Alors, il faudrait réinventer un partenariat nouveau, où l’intérêt de l’enfant serait au centre des préoccupations de tous les adultes, où les réponses seraient données dans des délais très brefs, où les aménagements seraient mis en place sans difficultés par une équipe bienveillante avançant tous dans le même sens.
Si l’on prenait à bras le corps le chantier de l‘accessibilité aux apprentissages ? Comment compenser pleinement le handicap en adaptant chaque matière aux problèmes spécifiques de chaque jeune ? Et quel partenariat préférer pour y parvenir ?
Et pour rebondir sur la période de confinement qui a mis en lumière les phénomènes de décrochage scolaire, pourquoi ne pas promouvoir une pédagogie de la créativité pour maintenir la motivation et le désir d’apprendre et le partenariat qui serait alors envisagé serait celui de l’interdisciplinarité qui faciliterait les échanges entre professeurs pour aller dans le même sens pour le bien être des élèves ?

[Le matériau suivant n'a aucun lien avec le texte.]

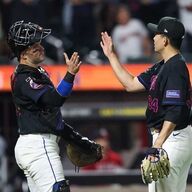 【連続セーブ！】メッツ千賀滉大「新守護神」定着なるか…最速159キロ＆フォークで9回無失点締めくくりで2セーブ目！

Il faut à tout prix éviter le sentiment chez l’élève en situation de handicap que c’est l’école qui ne veut pas de lui.
L’idéal de demain serait de donner aux enseignants leur légitimité pédagogique et les placer en position de concepteur dans une perspective d’école inclusive qui saurait faire appel à toutes les bonnes volontés pour un partenariat exceptionnel de réussite et de bonheur d’apprendre.
Prise de parole d’Irène Laloum, responsable Ecole inclusive et handicap de la FCPE Paris à l’Institut national supérieur de formation et de recherche pour l’éducation des jeunes handicapés et les enseignements adaptés, le 15 octobre 2020.